■ ABOUT THIS EXERCISE ■
Omit every picture and output the rest of the records exactly as they are.

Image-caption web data

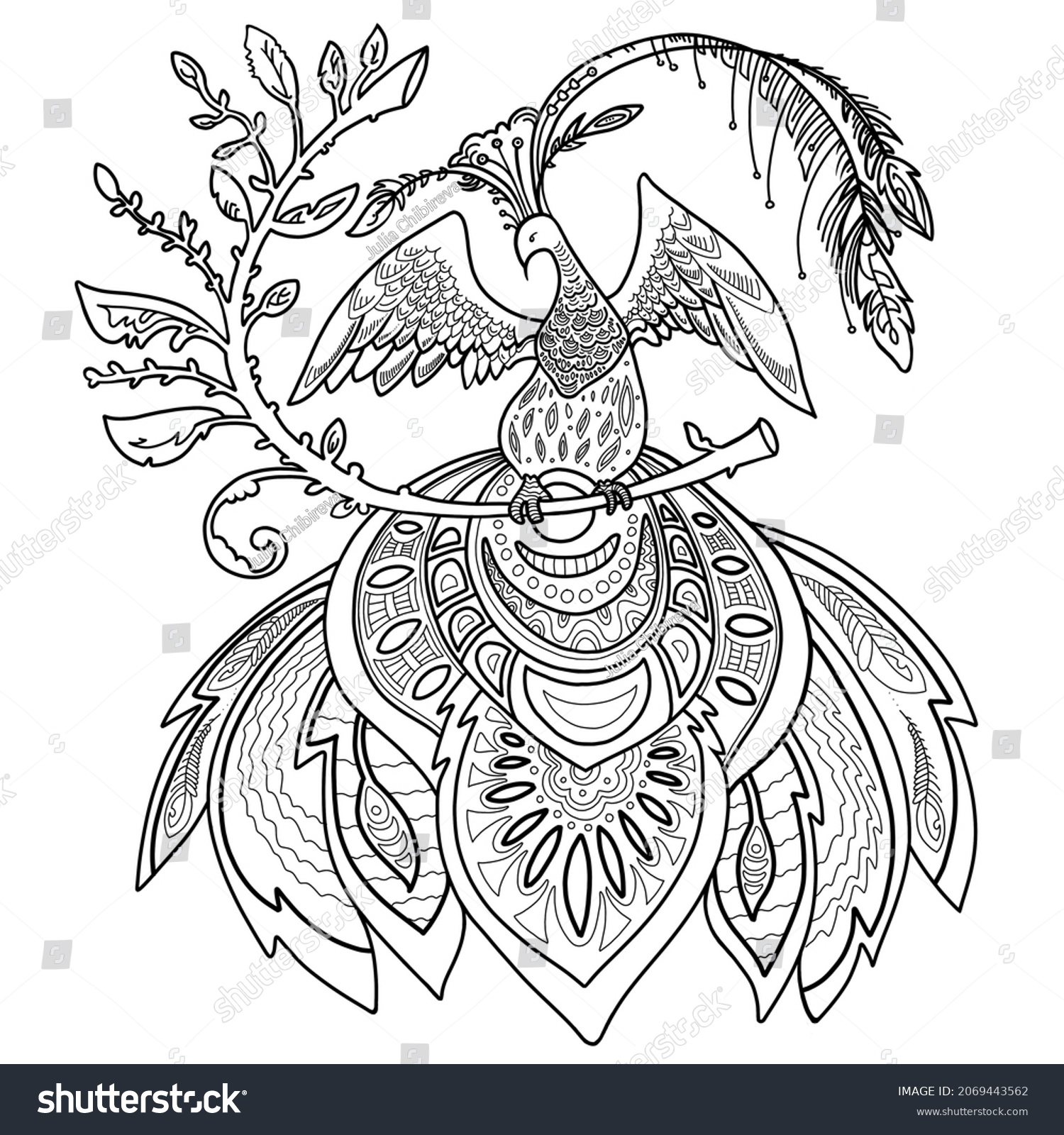 Zentangle Bird Coloring Book Stock Illustration 2069443562 | Shutterstock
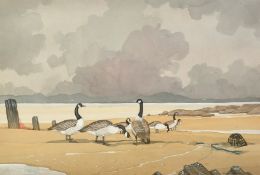 Bryan Conway (20th Century), 'Canada Geese, Anglesey', watercolour, signed, 14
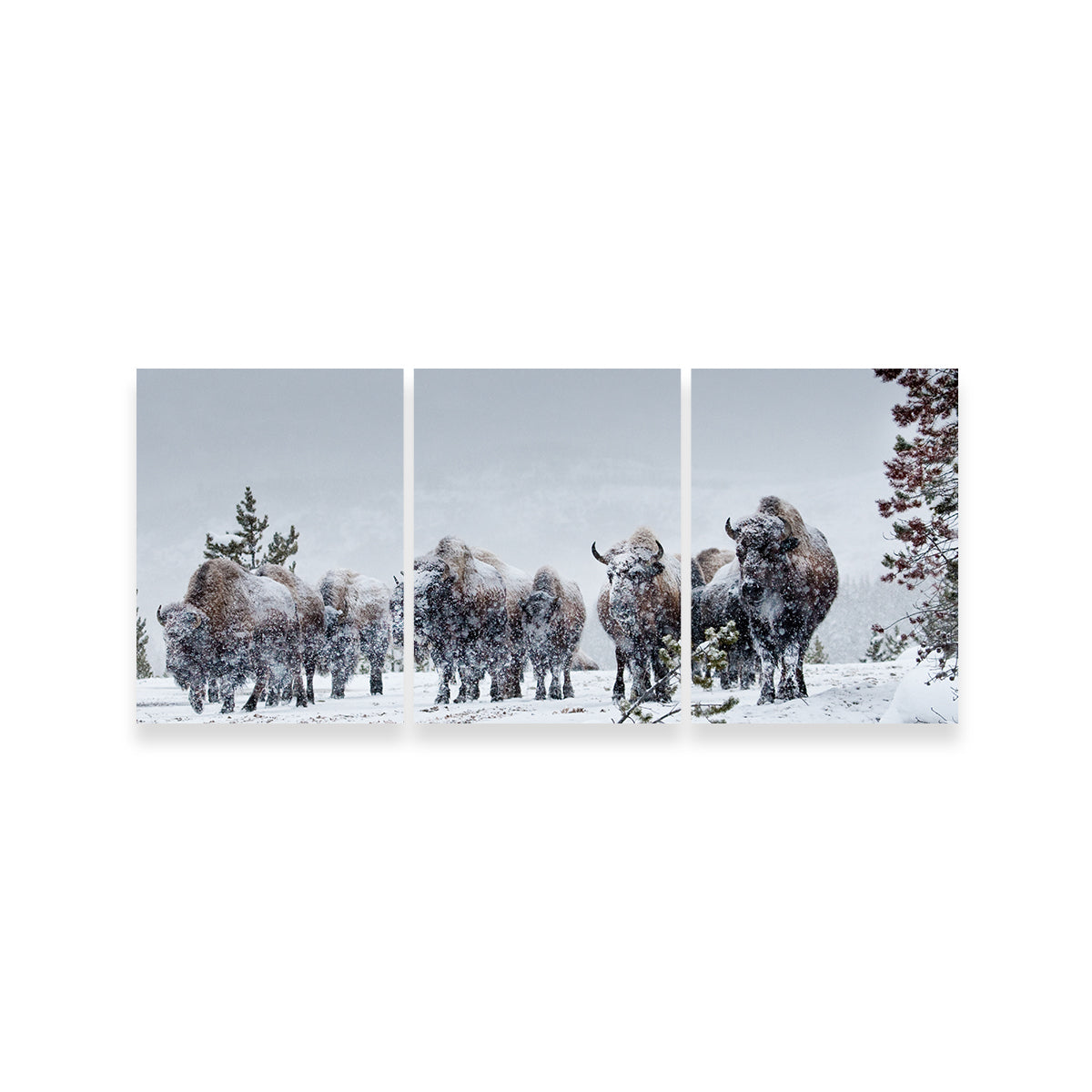 Stunning American Bison in Winter Snow Wall Art for Your Home Decor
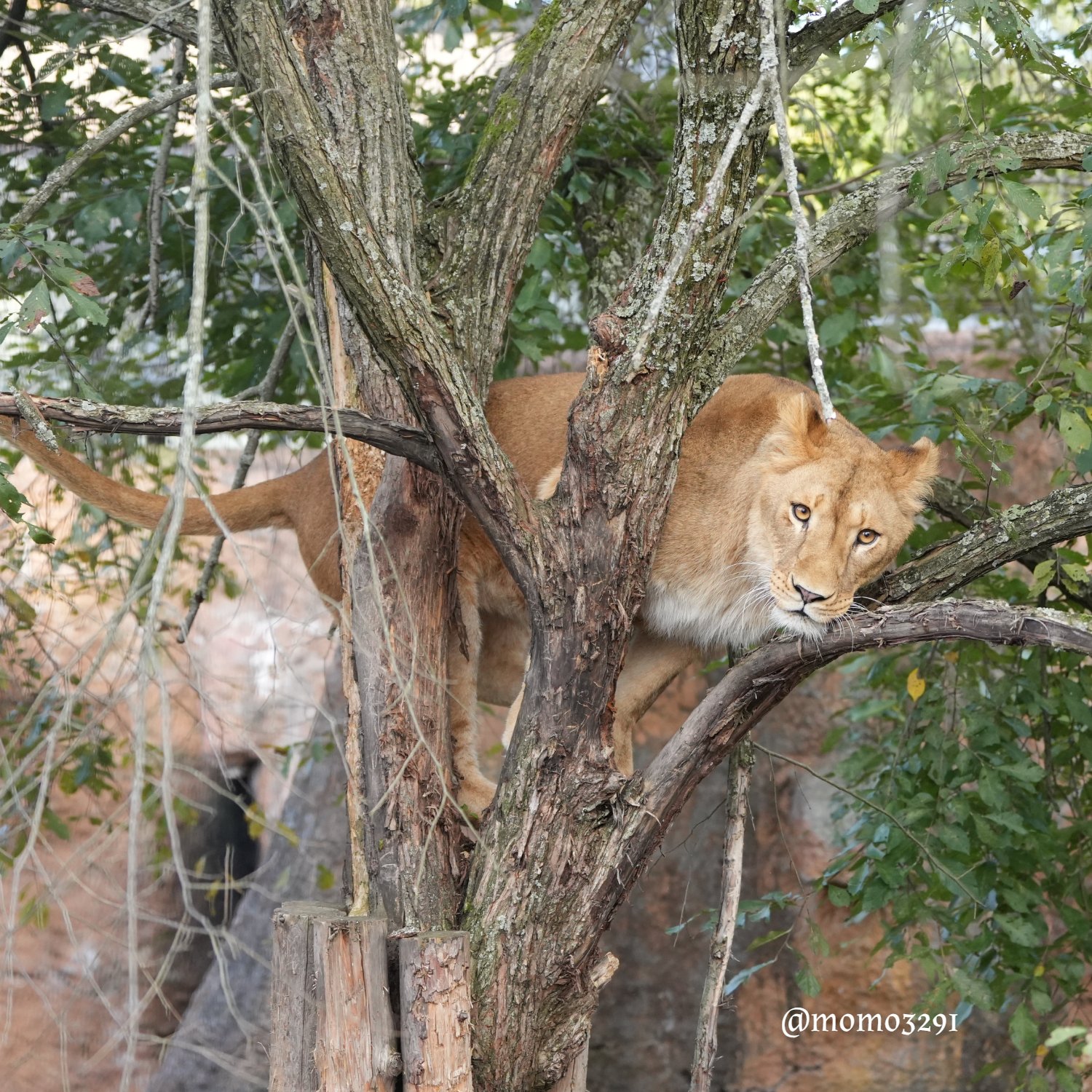 もも♡すけ (@momo3291) / X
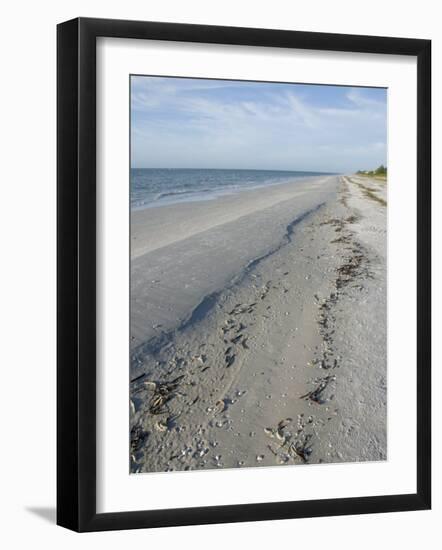 Beach, Sanibel Island, Gulf Coast, Florida, United States of America, North America-Robert Harding-Framed Photographic Print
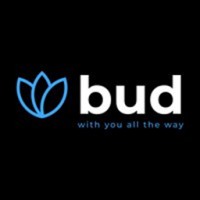 Bud logo - Similar company to Phase 3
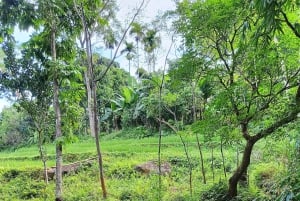 Pu Luong 2-daagse natuurretraite met bamboevlot & trektocht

■ EXPECTED OUTPUT ■
 Zentangle Bird Coloring Book Stock Illustration 2069443562 | Shutterstock
 Bryan Conway (20th Century), 'Canada Geese, Anglesey', watercolour, signed, 14
 Stunning American Bison in Winter Snow Wall Art for Your Home Decor
 もも♡すけ (@momo3291) / X
 Beach, Sanibel Island, Gulf Coast, Florida, United States of America, North America-Robert Harding-Framed Photographic Print
 Bud logo - Similar company to Phase 3
 Pu Luong 2-daagse natuurretraite met bamboevlot & trektocht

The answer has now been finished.